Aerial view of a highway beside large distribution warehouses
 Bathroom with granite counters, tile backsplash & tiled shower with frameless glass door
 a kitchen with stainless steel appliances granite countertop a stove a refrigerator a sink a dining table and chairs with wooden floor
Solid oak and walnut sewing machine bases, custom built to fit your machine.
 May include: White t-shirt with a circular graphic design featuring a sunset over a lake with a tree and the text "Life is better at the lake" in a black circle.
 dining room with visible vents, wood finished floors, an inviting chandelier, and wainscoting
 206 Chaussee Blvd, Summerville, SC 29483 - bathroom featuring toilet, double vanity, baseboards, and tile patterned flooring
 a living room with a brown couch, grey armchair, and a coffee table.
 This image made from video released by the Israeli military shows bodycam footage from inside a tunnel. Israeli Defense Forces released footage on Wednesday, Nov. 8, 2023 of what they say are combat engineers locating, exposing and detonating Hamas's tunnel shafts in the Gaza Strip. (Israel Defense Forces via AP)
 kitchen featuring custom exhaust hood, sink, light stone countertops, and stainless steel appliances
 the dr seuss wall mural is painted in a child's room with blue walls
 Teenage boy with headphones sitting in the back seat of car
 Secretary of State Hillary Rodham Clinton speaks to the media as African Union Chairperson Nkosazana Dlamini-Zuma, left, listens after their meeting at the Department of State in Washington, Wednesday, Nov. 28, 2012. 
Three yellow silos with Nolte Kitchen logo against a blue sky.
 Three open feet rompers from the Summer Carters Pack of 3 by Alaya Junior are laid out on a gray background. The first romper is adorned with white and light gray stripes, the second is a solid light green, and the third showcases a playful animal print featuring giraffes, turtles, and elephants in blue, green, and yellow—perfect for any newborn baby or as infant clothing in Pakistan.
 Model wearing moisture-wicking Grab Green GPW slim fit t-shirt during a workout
===
* [Task description]:
Output all of the records exactly, with nothing omitted.

* [Answer space]:
Aerial view of a highway beside large distribution warehouses
 Bathroom with granite counters, tile backsplash & tiled shower with frameless glass door
 a kitchen with stainless steel appliances granite countertop a stove a refrigerator a sink a dining table and chairs with wooden floor
Solid oak and walnut sewing machine bases, custom built to fit your machine.
 May include: White t-shirt with a circular graphic design featuring a sunset over a lake with a tree and the text "Life is better at the lake" in a black circle.
 dining room with visible vents, wood finished floors, an inviting chandelier, and wainscoting
 206 Chaussee Blvd, Summerville, SC 29483 - bathroom featuring toilet, double vanity, baseboards, and tile patterned flooring
 a living room with a brown couch, grey armchair, and a coffee table.
 This image made from video released by the Israeli military shows bodycam footage from inside a tunnel. Israeli Defense Forces released footage on Wednesday, Nov. 8, 2023 of what they say are combat engineers locating, exposing and detonating Hamas's tunnel shafts in the Gaza Strip. (Israel Defense Forces via AP)
 kitchen featuring custom exhaust hood, sink, light stone countertops, and stainless steel appliances
 the dr seuss wall mural is painted in a child's room with blue walls
 Teenage boy with headphones sitting in the back seat of car
 Secretary of State Hillary Rodham Clinton speaks to the media as African Union Chairperson Nkosazana Dlamini-Zuma, left, listens after their meeting at the Department of State in Washington, Wednesday, Nov. 28, 2012. 
Three yellow silos with Nolte Kitchen logo against a blue sky.
 Three open feet rompers from the Summer Carters Pack of 3 by Alaya Junior are laid out on a gray background. The first romper is adorned with white and light gray stripes, the second is a solid light green, and the third showcases a playful animal print featuring giraffes, turtles, and elephants in blue, green, and yellow—perfect for any newborn baby or as infant clothing in Pakistan.
 Model wearing moisture-wicking Grab Green GPW slim fit t-shirt during a workout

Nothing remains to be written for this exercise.